* What is required *
Please retype, word for word, the line containing "İnegöl Alanyurt Yolunda" and every line after it through the end of the records, leaving out all pictures.

Scraped caption text data:
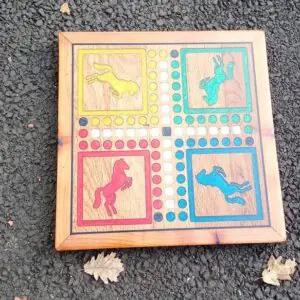 jeu de petits chevaux bois et époxy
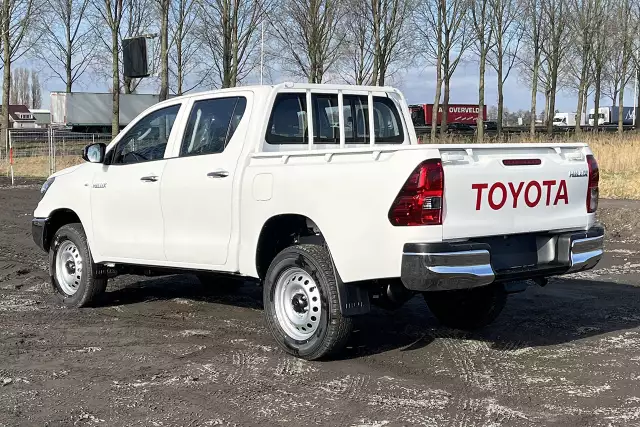 Toyota Hilux 2.4D 4x4 Double Cab Pick-up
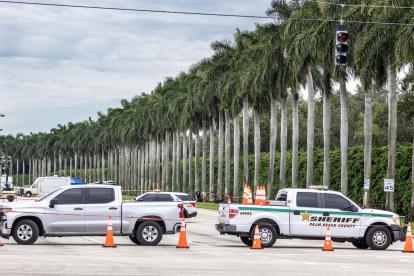 Oficiales del FBI revisan el costado del Trump International Golf Club en West Palm Beach, Florida, EE.UU., 17 de septiembre de 2024.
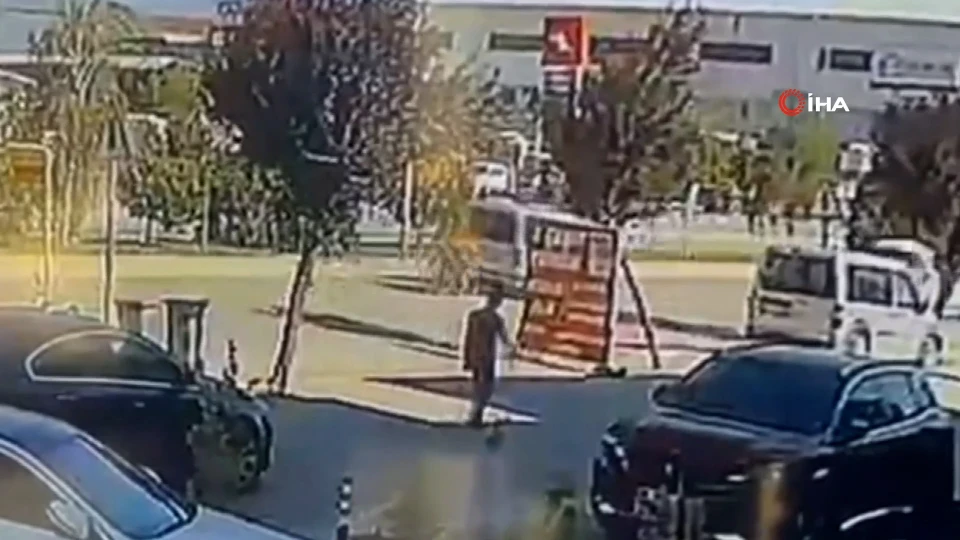 İnegöl Alanyurt Yolunda Trafik Kazası Kamerada | VİDEO İZLE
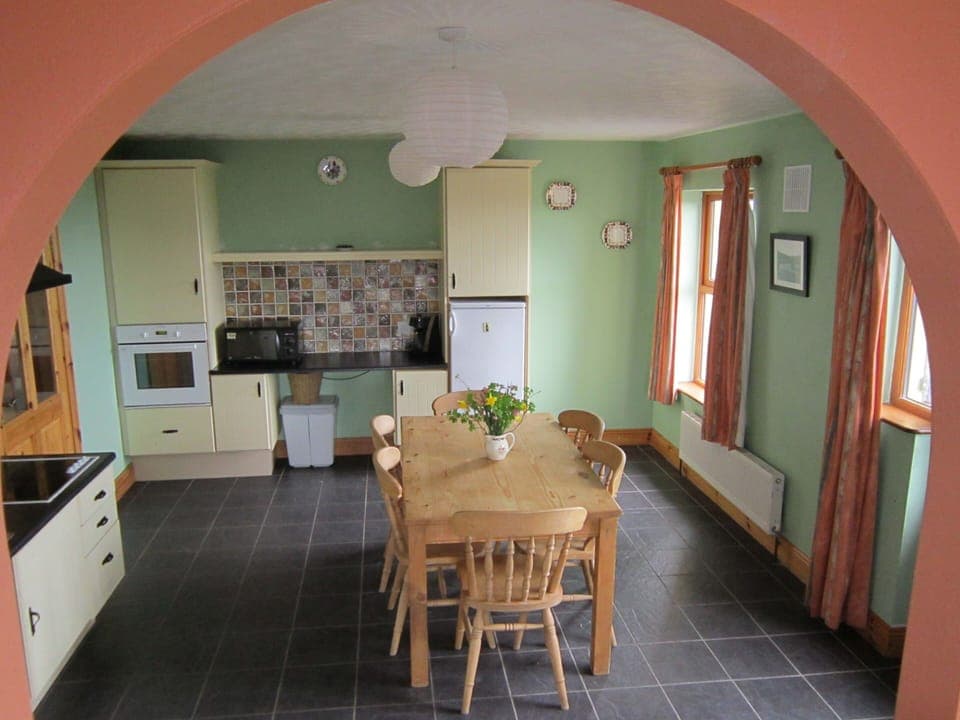 Well equipped kitchen to cook your favourite dishes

* Written reply *
 İnegöl Alanyurt Yolunda Trafik Kazası Kamerada | VİDEO İZLE
 Well equipped kitchen to cook your favourite dishes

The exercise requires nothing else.